Inizialmente grafico, grazie a una buona dose di esperienza guadagnata nel campo del disegno digitale, decide di licenziarsi dall’azienda in cui lavorava e di dedicarsi all’animazione. Si approccia ad essa nell’unico modo a lui familiare, usando esclusivamente computer e tavoletta grafica, aggiungendo una cospicua dose di lavoro di post-produzione e arricchimento di effetti grafici di ogni sorta, volti a rendere la scena quanto più reale possibile. Shinkai lima tutto, gli elementi in computer grafica hanno ombreggiature e rifiniture in 2D per rendere meno evidente possibile il contrasto, risultando in un connubio quasi perfetto nella maggior parte dei casi. È come un trucco di magia, se non sai che c’è, è molto difficile vederlo.
La cura dei dettagli è seconda forse solo a quella del colore: si percepisce una ponderata e oculata scelta dietro alle sfumature e alle tonalità di ogni filo d’erba, ogni riflesso sui vetri, ogni goccia di pioggia che batte su ombrelli e marciapiedi. Persino le ombreggiature dei volti e dei capelli mutano al variare dell’ambiente in cui i personaggi sono calati. Insomma, per usare una locuzione di moda in questi giorni, il lavoro di Shinkai è puro “color porn”.
Le animazioni sono curate, ma non in modo maniacale come i fondali. Sono generalmente buone, con qualche scena che brilla pure di virtuosismo tecnico e di dinamico realismo; tuttavia sfondo e personaggi sono sempre separati da una barriera invisibile che rende a volte un po’ troppo ovattato il primo e leggermente fuori contesto i secondi. Questo si nota soprattutto nelle scene più evocative, nel giardino di Shinjuku, sotto la pioggia; ironia della sorte, lo stesso distacco che serpeggia negli sguardi dolcemente melancolici dei due protagonisti, evidentemente desiderosi di un riscatto sociale di qualche tipo, ma troppo delusi - da sé stessi - per riuscire a concretizzare in azione queste sensazioni.

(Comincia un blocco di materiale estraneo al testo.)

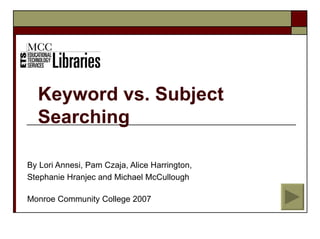 Keyword vs. Subject
  Searching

Sarebbe lecito ora chiedersi di cosa parli “Il giardino delle parole”, dopo tanto indugio sul lato tecnico. Ahimè, il più grande difetto del film sta proprio qui, manca di sostanza. Nonostante la durata breve, quello che Shinkai è riuscito a creare non è altro che un collage di situazioni evocative solo graficamente, ma non emotivamente. Un ragazzo col sogno di diventare calzolaio, una giovane enigmatica donna che parla per versi di poesie, la pioggia e dei sentimenti un po’ troppo sfuggenti e dispersi, troppo per poter dare spessore a un intreccio appena accennato e poco sviluppato. I personaggi risultano piatti e distaccati, complice anche l’amore impossibile - e improbabile, volendo usare un po’ di malizia - con cui Shinkai ama costringere i propri lavori.
“Il giardino delle parole” è come la pioggia primaverile: malinconico e affascinante. Se l’impatto grafico è l’elemento portante dell’intera carriera di Makoto Shinkai, il più emblematico dei limiti del modo di lavorare del regista sta proprio nell’incuria della sceneggiatura, dovuta al volersi accollare più aspetti decisamente gravosi della produzione di un film d’animazione, limite che in questo mediometraggio risalta in modo lampante. Così, proprio come un acquazzone primaverile, “Il giardino delle parole” passa, e si perde nel panorama del cinema d’animazione ad esso contemporaneo, concretizzando sì i pregi, ma soprattutto i difetti di un artista che è tanto bravo nel suo lavoro, quanto carente nel fare quello degli altri.